Cuando finalmente consiguen trasponer los últimos obstáculos y acceden al camino, Ferrer trata de hablar con ellos, pero ante su sorpresa, los jóvenes salen corriendo sendero abajo sin preocuparse de responder al saludo del hombre que les mira desconcertado. Siguiendo los dictados de su instinto, trata de alcanzarles, pero se detiene unos centenares de metros más allá, respirando agitadamente y sintiendo como golpes los latidos de su corazón desbocado. No ha podido dejar de reconocerlos. Son, a juzgar por la descripción dada por Marcial, los dos excursionistas desaparecidos.

Del bolsillo de la mochila, saca el teléfono móvil y llama al camping. Un escueto "diga" le responde.

- Oye, Marcial. Acabo de ver a los dos chicos que se habían perdido. Creo que van hacia allá. He intentado seguirles, pero corrían demasiado. Me estoy haciendo viejo.

Se despidió alegando falta de batería ante lo que se insinuaba como un efusivo agradecimiento por parte de su amigo. Luego, reanudó la ascensión. Unos minutos le bastaron para certificar que se había perdido. Ni rastro del sendero. A su alrededor, sólo árboles, colosos de oscura copa rodeándole. La espesura le impedía ver nada a más de cincuenta o sesenta metros. En el suelo, aquí y allá, pequeños dibujos formados por la luz solar, filtrada por el frondoso techo de ramas oscilantes.

Trató de orientarse por el sol, pero, hombre de ciudad al cabo, no supo si caminar hacia él o en su contra. Determinó que la línea recta suele ser una buena solución en cualquier caso. Avanzó, sin saberlo, hacia el oeste.

Un par de horas más tarde, aún no había conseguido dar con la senda ni con rastro alguno que le permitiese albergar una esperanza. Hacia su derecha, le pareció advertir una claridad y caminó hacia allí. Llegó a un claro bastante grande. Pudo notar que el suelo parecía haber sido removido recientemente. No había hierba y sí muchas huellas que iban y venían, entrecruzadas, superpuestas, formando un complejo entramado del que no era posible extraer una conclusión lógica.

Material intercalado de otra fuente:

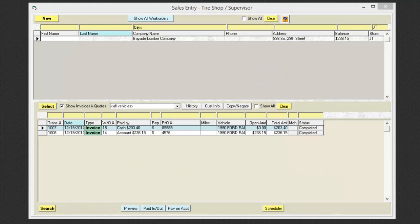In this video, we will be going over the copy and negate function of the AutoBiz software.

Desde el borde del claro, Ferrer contemplaba la escena irracional tratando de hallar una explicación. De repente, todas aquellas huellas se vieron habitadas, la presencia de una multitud justificó el estado de la tierra. Ferrer no dio crédito a sus ojos. Ante ellos se estaba desarrollando una batalla feroz. No sólo vio a los guerreros acometiendo con saña. También escuchó el entrechocar de aceros. Olió la sangre dolorosamente derramada. Sintió el retumbar del suelo, oyó los juramentos, los gritos de dolor. Supo que no era una ilusión. Trató de retroceder con cautela, para no ser visto, pero sus piernas no le obedecieron. Sus pies se habían quedado aferrados a la tierra, paralizados por el pánico. Poco a poco, sintió como le abandonaban las fuerzas. Le pareció que había sido visto. Tal vez alguien se acercó. En eso, perdió la consciencia.